■ Task objective: Could you give the data that follows again exactly, without its pictures?

═══ Dataset content ═══

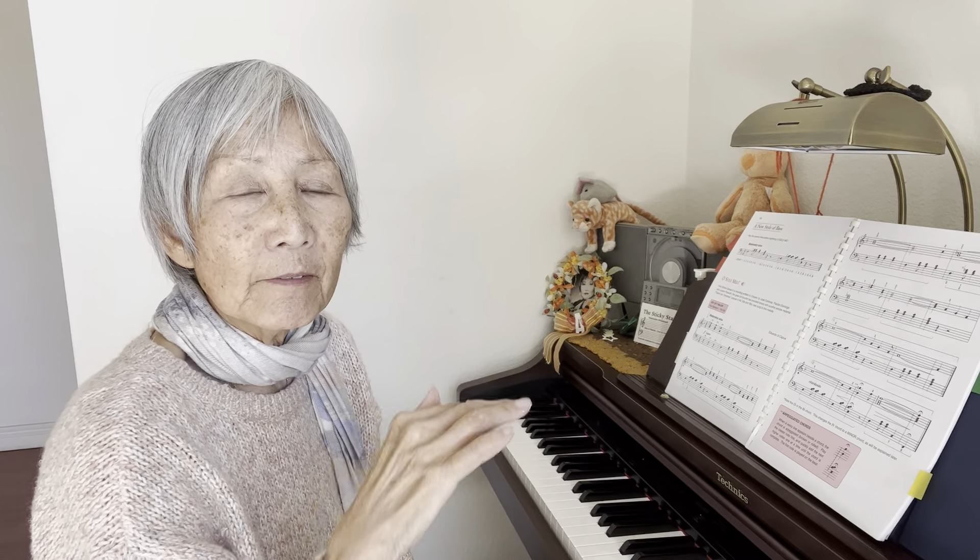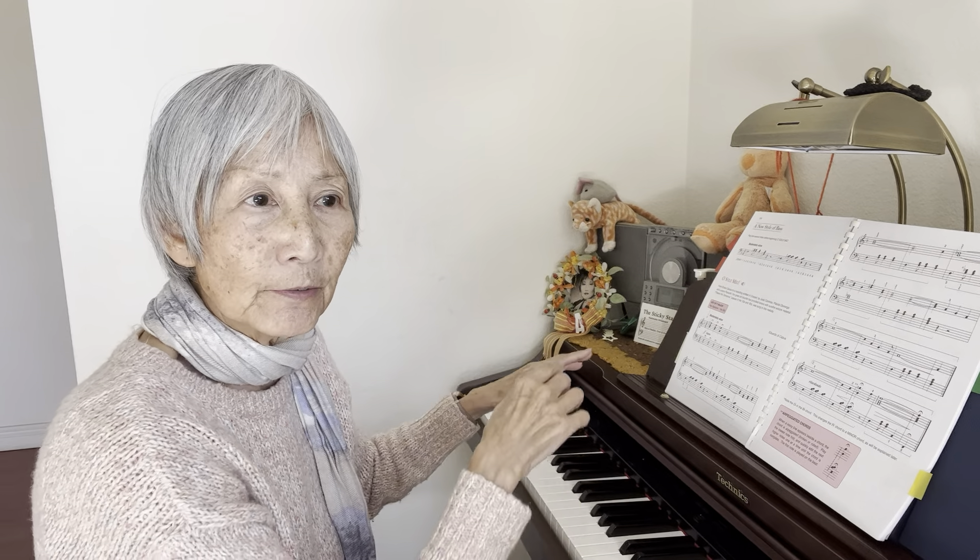But if the squiggle line is only in the bass clef and only in the treble clef without connecting, you play the rolled notes together — left hand and right hand together. But this one is from left to right.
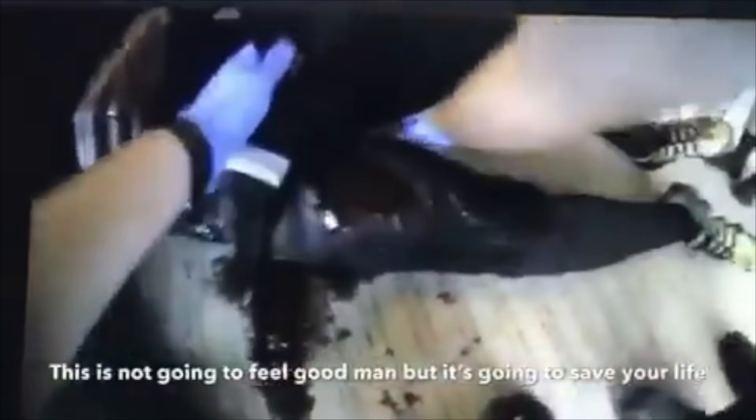The officer here chooses to apply the tourniquet over top of the clothes. Typically we do want to try to put the tourniquet on bare skin, but you may not have the time or resources to expose the wound. So you can apply the tourniquet over top of the pants. If you're going to do this, I would recommend checking the pockets for flashlights, knives, things like that. But you can absolutely put a tourniquet over top of the pants.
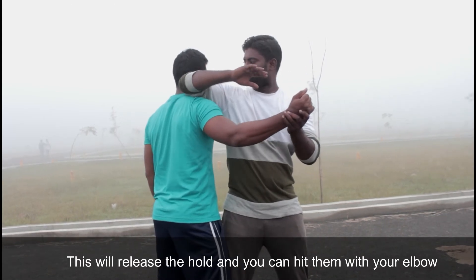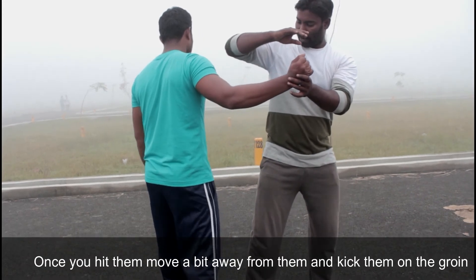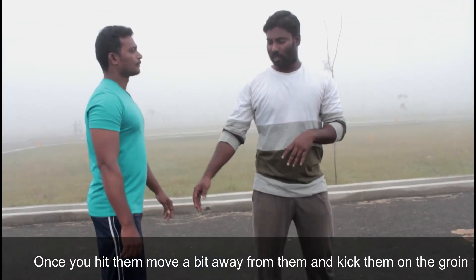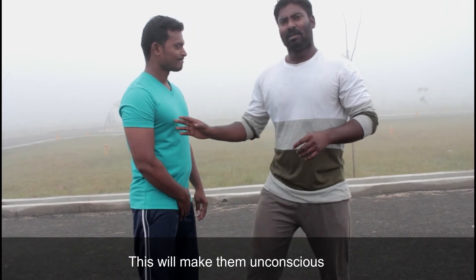We will put the chip on it. Feet are on the side. After the grain is on the side, it is an unconscious.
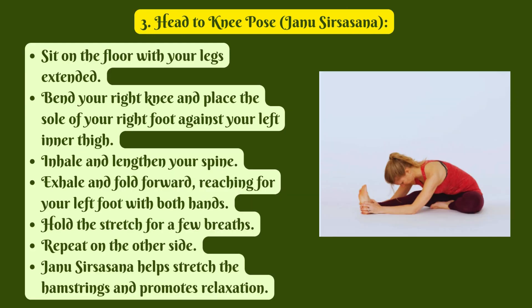3. Head to Knee Pose, Janu Sirsasana. Sit on the floor with your legs extended. Bend your right knee and place the sole of your right foot against your left inner thigh. Inhale and lengthen your spine. Exhale and fold forward, reaching for your left foot with both hands. Hold the stretch for a few breaths. Repeat on the other side. Janu Sirsasana helps stretch the hamstrings and promotes relaxation.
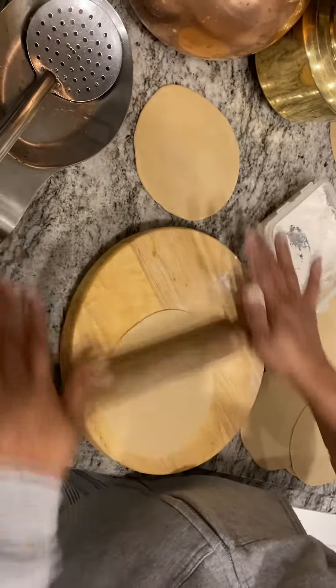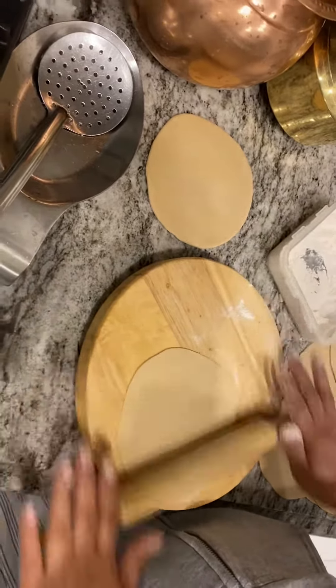Once it is floating and moving laterally on the wooden base, that is when it will rise very much once put in the oil. The Puri is moving.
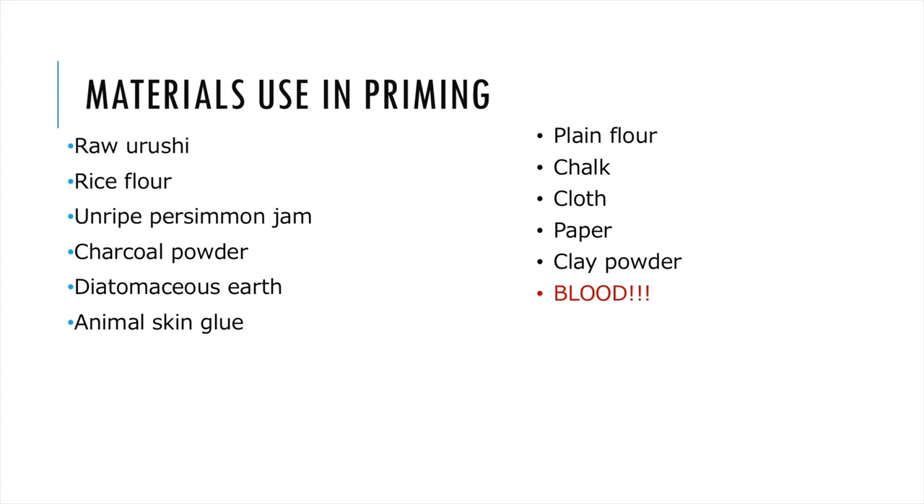Some materials used in the primer layer are very interesting. They include but are not limited to: raw Urushi, rice flour, unripe persimmon jam, charcoal powder, diatomaceous earth, animal skin glue, plain flour, chalk, cloth, paper, clay powder, and even blood!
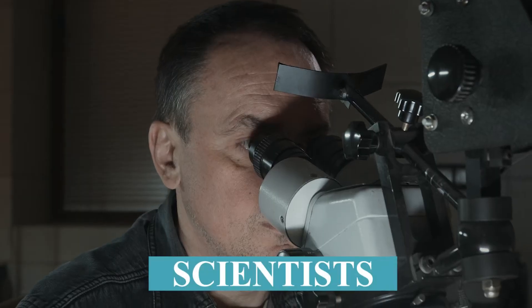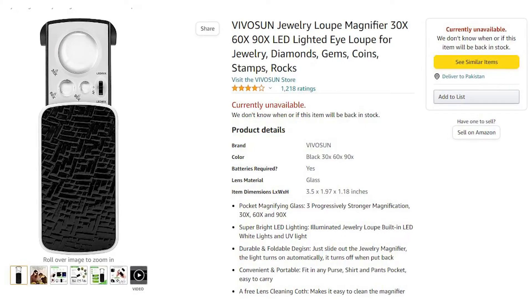Detectives use a magnifying glass, scientists use a microscope, and jewelry salespeople use a loupe. In this video, you're going to learn how to use the best loupe on Amazon to sell jewelry in six different ways, starting with the first way, which is teach your customer how to use it.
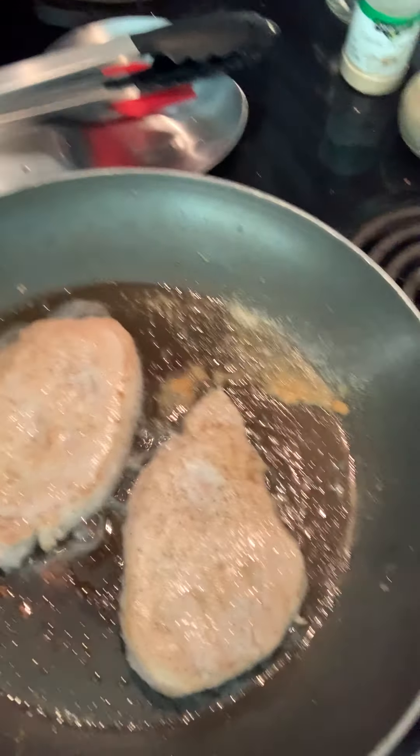Hey guys, so we're making another of the Sun Basket meals. This one is pork chops with blueberry apricot sauce and sauteed kale. So I've already been cooking the pork chops. They're almost done. We put some salt and pepper and garlic on them.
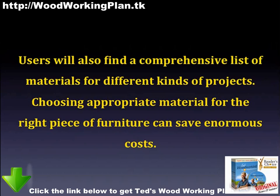Users will also find a comprehensive list of materials for different kinds of projects. Choosing an appropriate material for the right piece of furniture can save enormous costs.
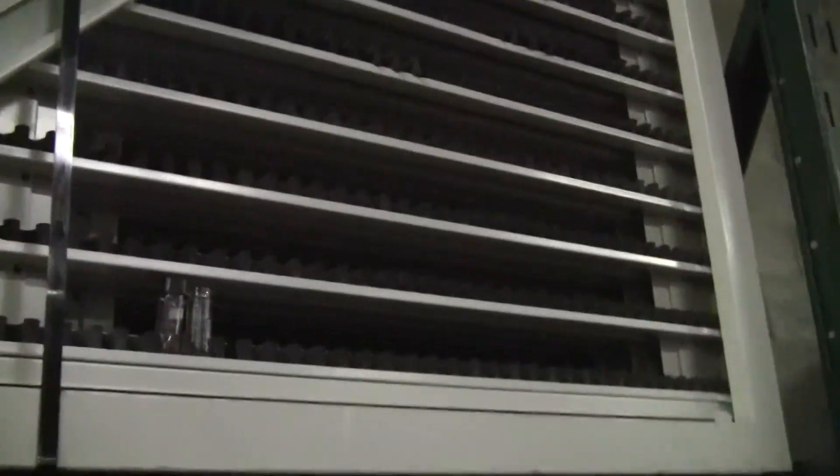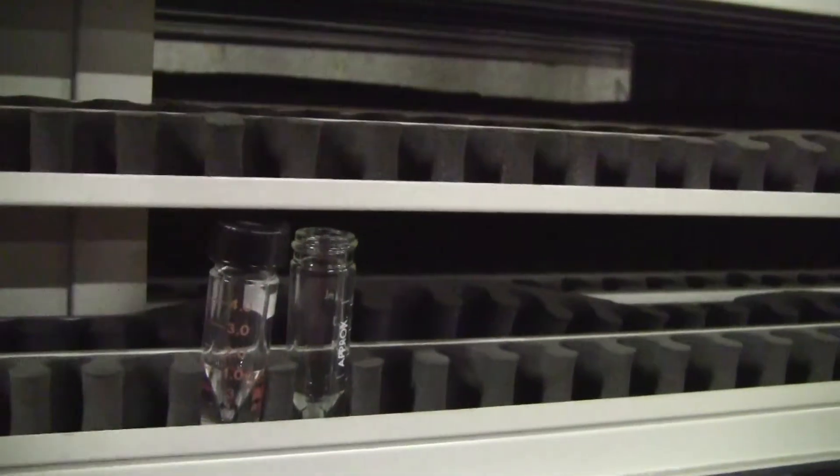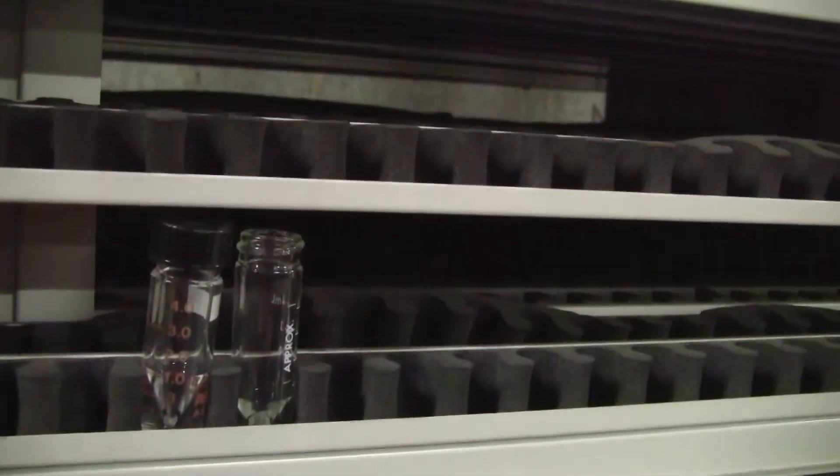It's up high. We're going to take a walk up and take a look at it closer. As you can see, we've put two vials in the racks. They fit into the foam rubber holders. That's a closer look at the racking.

═══

■ Reply to the exercise:
But if the squiggle line is only in the bass clef and only in the treble clef without connecting, you play the rolled notes together — left hand and right hand together. But this one is from left to right.
The officer here chooses to apply the tourniquet over top of the clothes. Typically we do want to try to put the tourniquet on bare skin, but you may not have the time or resources to expose the wound. So you can apply the tourniquet over top of the pants. If you're going to do this, I would recommend checking the pockets for flashlights, knives, things like that. But you can absolutely put a tourniquet over top of the pants.
We will put the chip on it. Feet are on the side. After the grain is on the side, it is an unconscious.
3. Head to Knee Pose, Janu Sirsasana. Sit on the floor with your legs extended. Bend your right knee and place the sole of your right foot against your left inner thigh. Inhale and lengthen your spine. Exhale and fold forward, reaching for your left foot with both hands. Hold the stretch for a few breaths. Repeat on the other side. Janu Sirsasana helps stretch the hamstrings and promotes relaxation.
Once it is floating and moving laterally on the wooden base, that is when it will rise very much once put in the oil. The Puri is moving.
Some materials used in the primer layer are very interesting. They include but are not limited to: raw Urushi, rice flour, unripe persimmon jam, charcoal powder, diatomaceous earth, animal skin glue, plain flour, chalk, cloth, paper, clay powder, and even blood!
Detectives use a magnifying glass, scientists use a microscope, and jewelry salespeople use a loupe. In this video, you're going to learn how to use the best loupe on Amazon to sell jewelry in six different ways, starting with the first way, which is teach your customer how to use it.
Hey guys, so we're making another of the Sun Basket meals. This one is pork chops with blueberry apricot sauce and sauteed kale. So I've already been cooking the pork chops. They're almost done. We put some salt and pepper and garlic on them.
Users will also find a comprehensive list of materials for different kinds of projects. Choosing an appropriate material for the right piece of furniture can save enormous costs.
It's up high. We're going to take a walk up and take a look at it closer. As you can see, we've put two vials in the racks. They fit into the foam rubber holders. That's a closer look at the racking.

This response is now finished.